THE world's most remote temples force devout worshippers to conquer 9,000 steps to pray at a head-spinning 7,500ft-high summit.

Upon scaling the peak of sacred Mount Fanjing, they'll see two small ancient Buddhist temples – incredibly perched on a dangerous, rocky top.

Mount Fanjing – the highest peak of China's Wuling Mountains – was made a UNESCO World Heritage Site in 2018.

The stunning mountain sits in Fanjingshan, which ranges in altitude between 50 metres and 2,570metres above sea level in Guizhou province.

Chinese Buddhists consider it a sacred mountain because it's believed to be the Maitreya Buddha's bodhimaṇḍa, or “place of enlightenment", explains My Modern Met.

According to Buddhist tradition, Maitreya will return to earth in the future to help others reach enlightenment.

Oddity Central explains that Mt Fanjing "is home to one of the most otherworldly sights on the planet: two small temples connected by an arched bridge, overlooking a stunning natural paradise".

The Temple of Buddha and Maitreya Temple are separated by a deep gorge, but linked by a narrow stone bridge.

The Temple of the Buddha is dedicated to the worship of Sakiymuni, representing the present.

Its lofty neighbour, the Maitreya temple, represents the future.

These two small Buddhist structures are centuries old, with some commentators saying they go back to the Tang Dynasty, in the 7th century AD.

Oddity says that as you climb the thousands of steps along the cliffs, you can "admire ancient inscriptions from the Ming (1368-1644) and Qing (1644-1911) dynasties".
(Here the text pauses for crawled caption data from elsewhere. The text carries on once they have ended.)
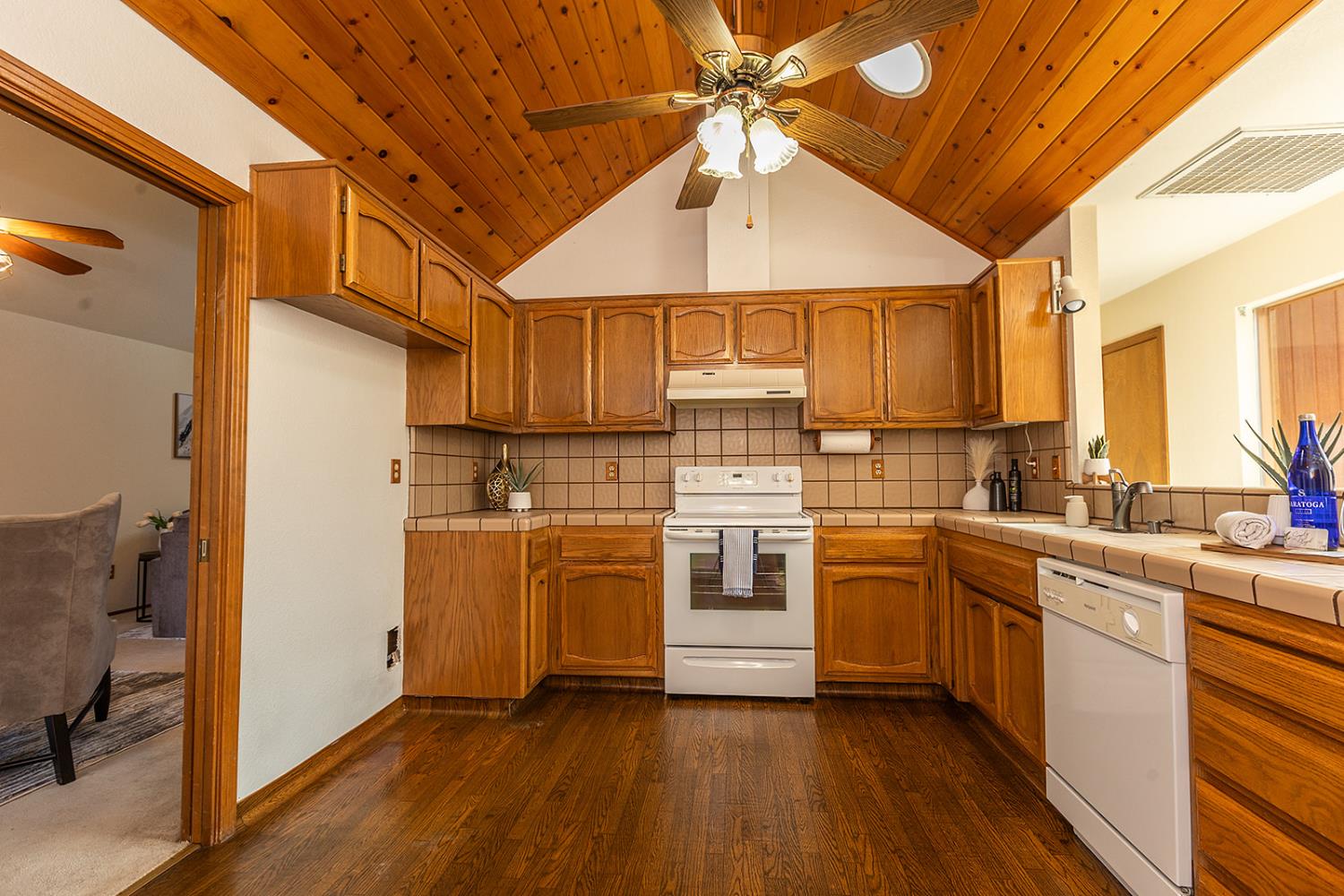 3913 Cougar Place Modesto, CA 95356 - Photo 14 of 40 a kitchen with white cabinets and white appliances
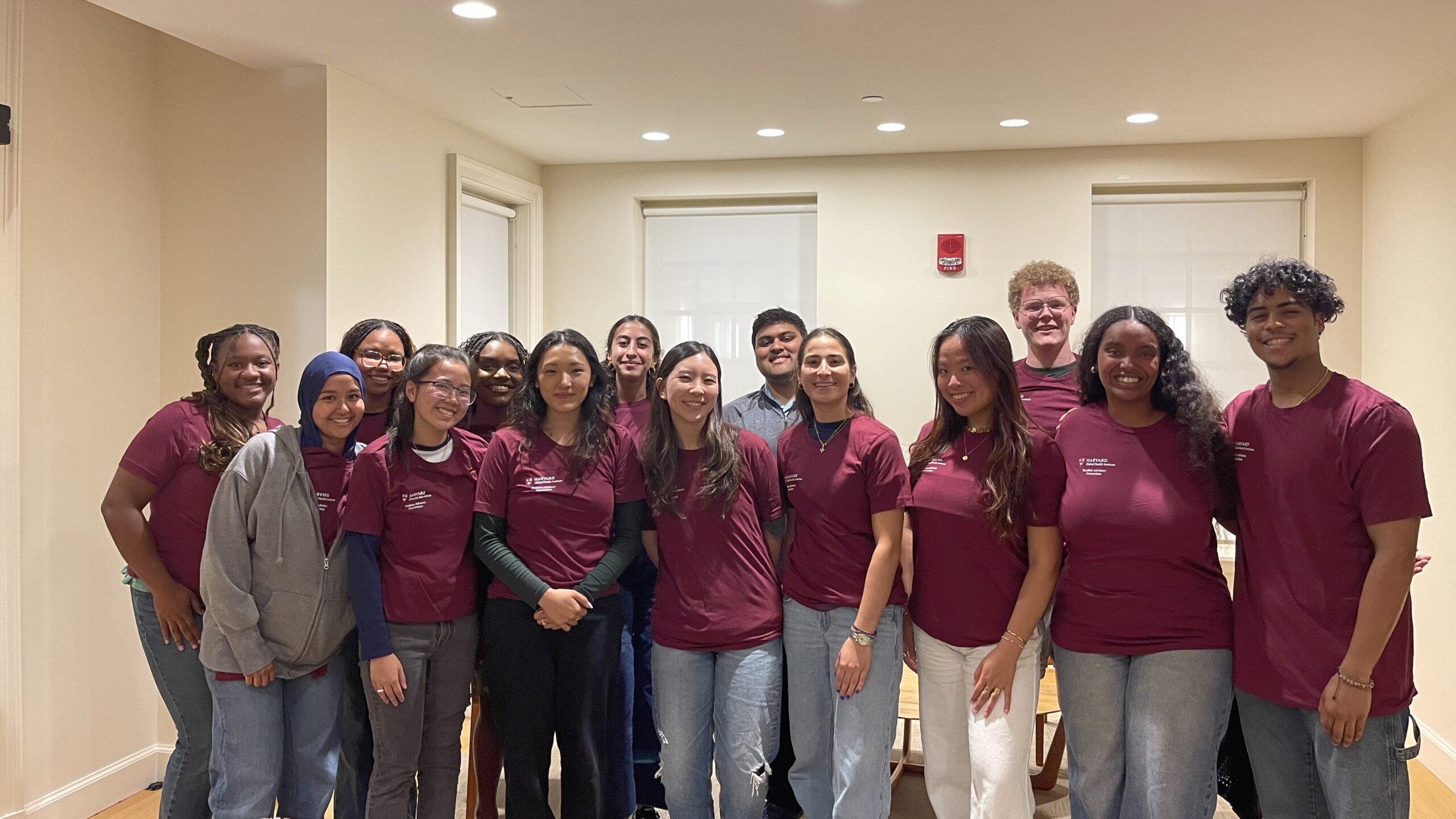 Group of Harvard Students standing smiling in matching shirts.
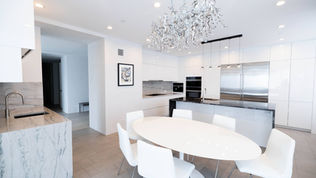 Modern white high-gloss European kitchen with large waterfall marble island, integrated appliances, and L-shaped layout with breakfast bar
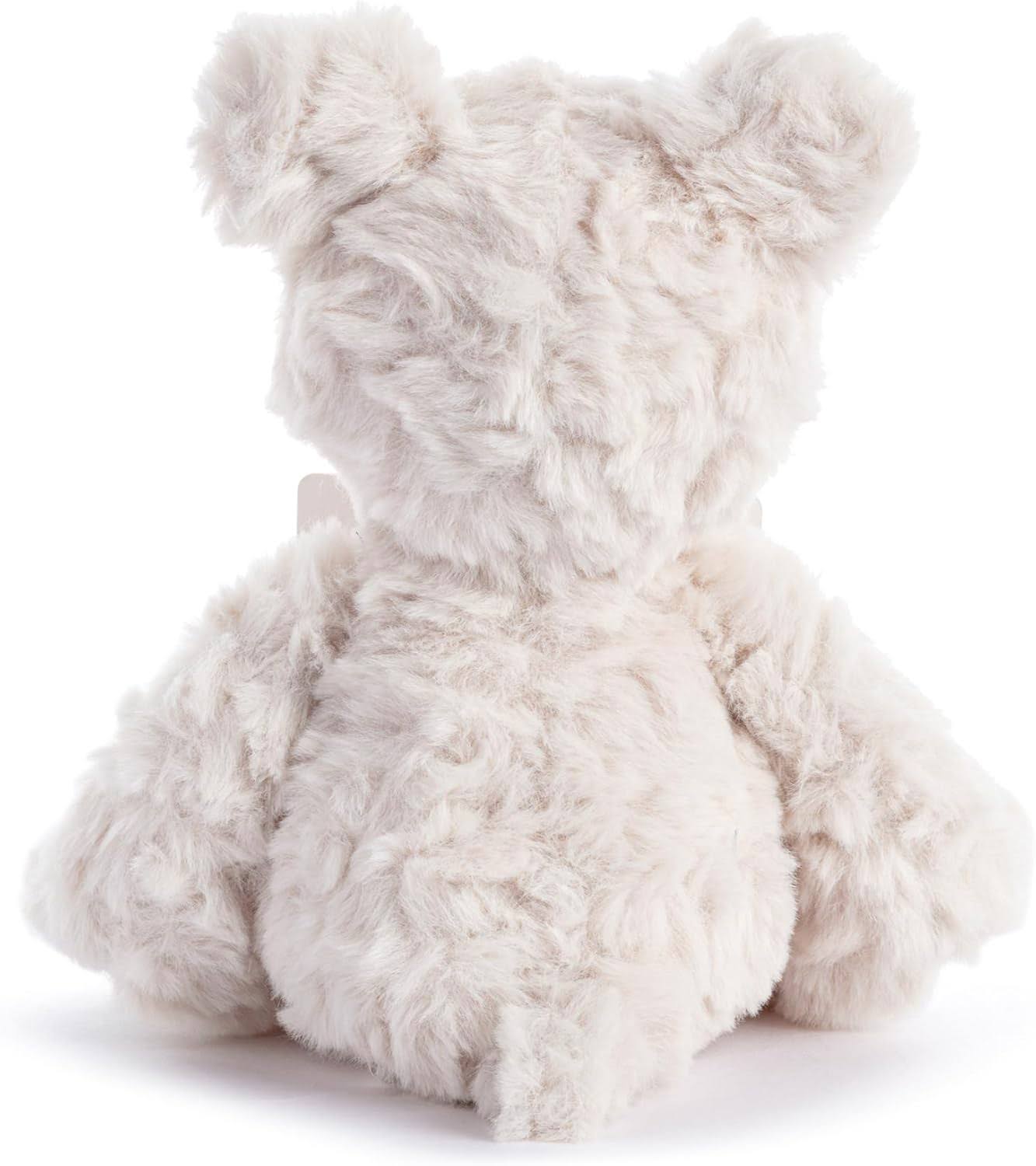 Fluffy white bear plush toy on a white background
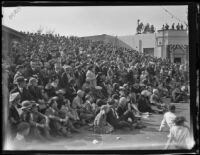 Rose Parade spectators in a grandstand along the parade route, Pasadena, 1930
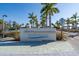 Entrance to Siesta Beach, Sarasota County Park, with lush landscaping and clear signage at 30 Island Cir, Sarasota, FL 34242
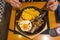 Human eating sizzling beef sisig rice on iron platter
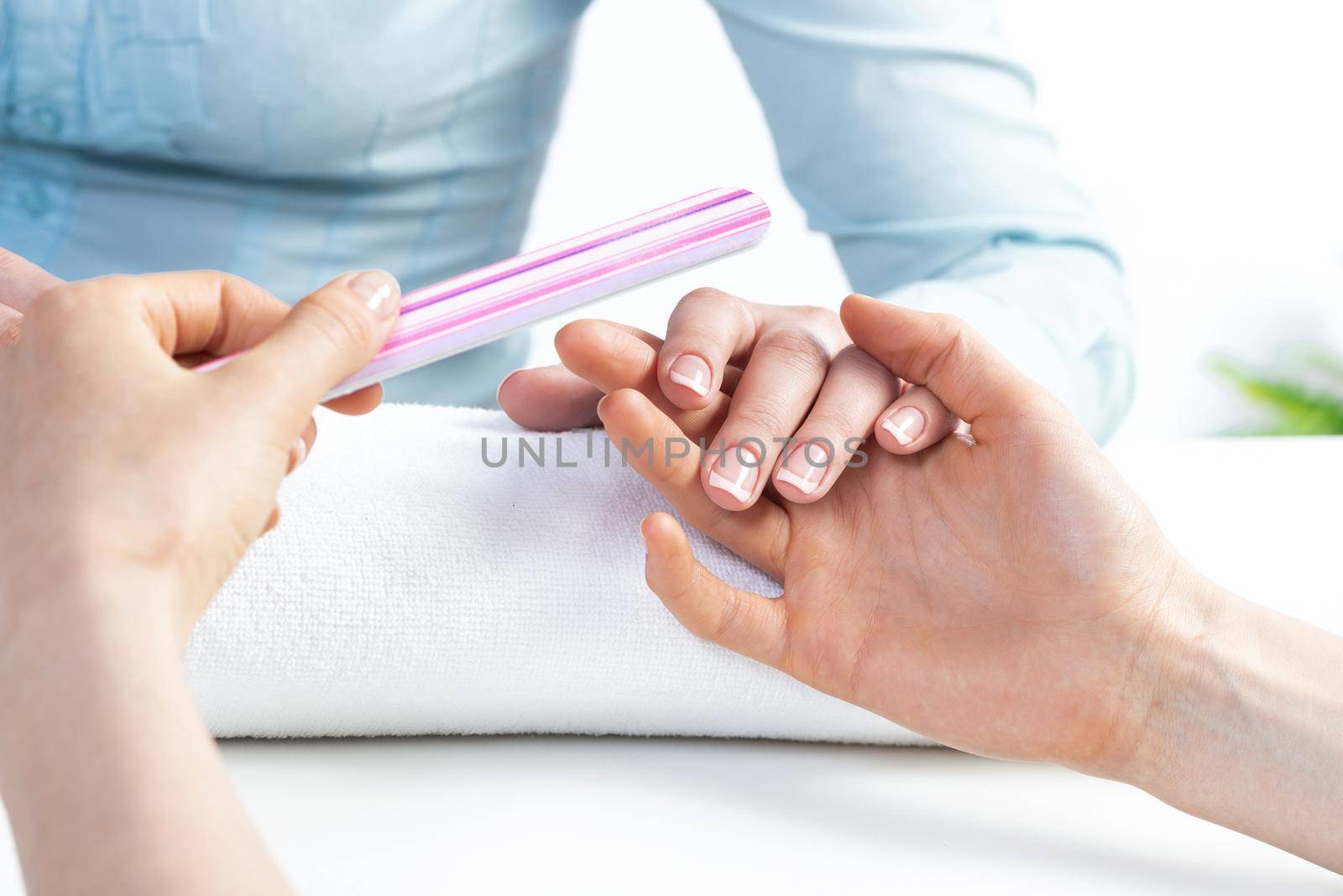 Manicurist using nail file and create perfect shape. Closeup of female hand preparing for apply nail polish. Beautician grinding nails with nail file tool. Professional nail care service.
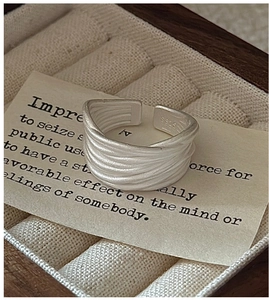 Macro shot of S925 sterling silver stamp on minimalist multi-layer textured ring
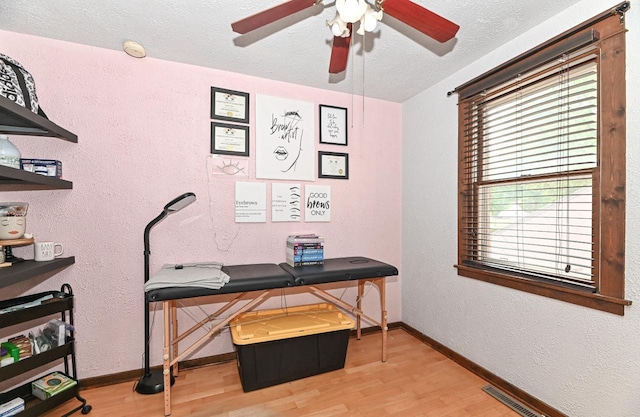 2517 Ashland Ave, Racine, WI 53403 - office featuring wood finished floors, a ceiling fan, a textured wall, and a textured ceiling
In its heyday, Fanjiang was thriving, with scores of Buddhist temples, but many were torn down in the 1500s, during the Bozhou rebellion.

The Wanli Emperor (14th Emperor of the Ming dynasty) ordered the reconstruction of the Golden Peak with the Temple of the Buddha & Maitreya Temple.

Although devotees face a knee-buckling four hour slog up 9,000 steps to the Red Clouds Golden Summit, where the temples are, there are rest stops with snacks along the steep path.

And once they've reached the top, there are stunning views of the surrounding Fanjingshan National Nature Reserve.

Fanjing is short for Fantian Jingtu or “Brahma's Pure Land" in Chinese – Brahma is one of Buddhism's four heavenly kings.

Mount Fanjing is recognised as the No.5 Buddhist Mountain in China, after the other four Great Buddhist Mountains of Wutai, Putuo, Emei and Jiuhua, writes China Discovery.

Countless Buddhists have made their pilgrimage to this "place of enlightenment” as the entire mountain is a sacred one in Buddhism.

Atlas Obscura describes the mountain itself as "a jaw-dropping pinnacle", with its dense forest of fir trees and Guizhou golden monkeys.

For those keen to visit, but lack the stamina and fitness levels needed, there is actually a cable car ride from the road below.